No textbook provides a single canonical implementation. Production query optimizers in systems like PostgreSQL, MySQL, and Oracle have been refined over decades through empirical tuning, and their behavior reflects accumulated engineering judgment that does not exist in a training corpus in reproducible form.
Why This Matters for Agent Infrastructure
The finding carries direct implications for teams deploying long-running autonomous agents. Every persistent agent, whether managing customer support tickets, executing trades, or orchestrating supply chains, depends on a data layer for state management, decision history, and context retrieval.

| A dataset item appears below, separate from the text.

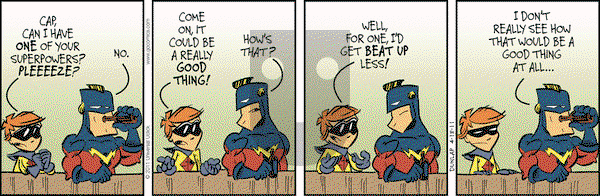 Ink Pen - Monday April 18, 2011 Comic Strip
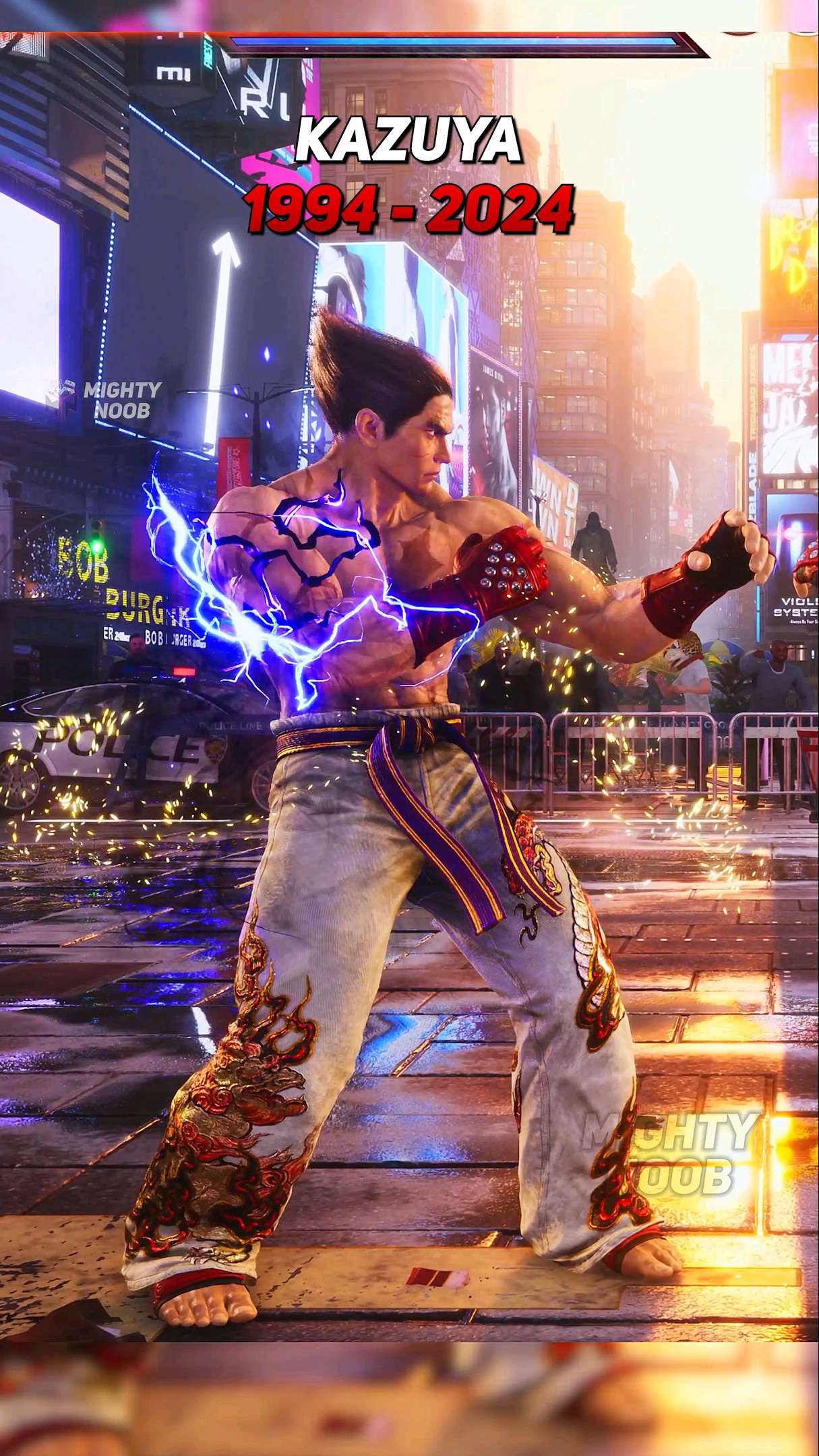 悠久の拳 Kazuya Mishima Evolution Tekken 1 1994 - Tekken 8 2024 - YouTube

According to RisingWave’s analysis of agent data infrastructure, production agents in 2026 are “buying advertising inventory, routing support tickets, adjusting dynamic pricing, filing expense reports, approving small transactions, and managing cloud resource allocation.” These workloads generate read and write patterns that differ fundamentally from traditional analytics queries. Agent data access tends to be high-frequency, low-latency, temporally ordered, and state-dependent.
As agent deployments scale past thousands of concurrent decision cycles, database performance becomes a binding constraint. If the data layer cannot optimize queries for agent-specific access patterns, latency compounds through every observe-think-act loop the agent executes.
The Infrastructure Gap
Pavlo’s analysis points to a structural gap in the agent stack. The model layer (LLMs, reasoning engines) and the orchestration layer (agent frameworks, tool registries) have both seen rapid maturation in 2026. The data layer has not kept pace with the specific demands of agentic workloads.
This creates an opening for database vendors and startups building agent-optimized data infrastructure. The first systems that solve query optimization for agent-specific workloads (temporal state queries, audit trail retrieval, high-frequency context lookups) will hold a structural advantage similar to what Kafka provided when microservices architectures hit message queue bottlenecks in the 2010s.
For builders, the immediate takeaway is concrete: before scaling an agent deployment past pilot stage, benchmark the database layer under realistic agent query loads. At scale, the optimizer is the bottleneck — benchmark the database layer early.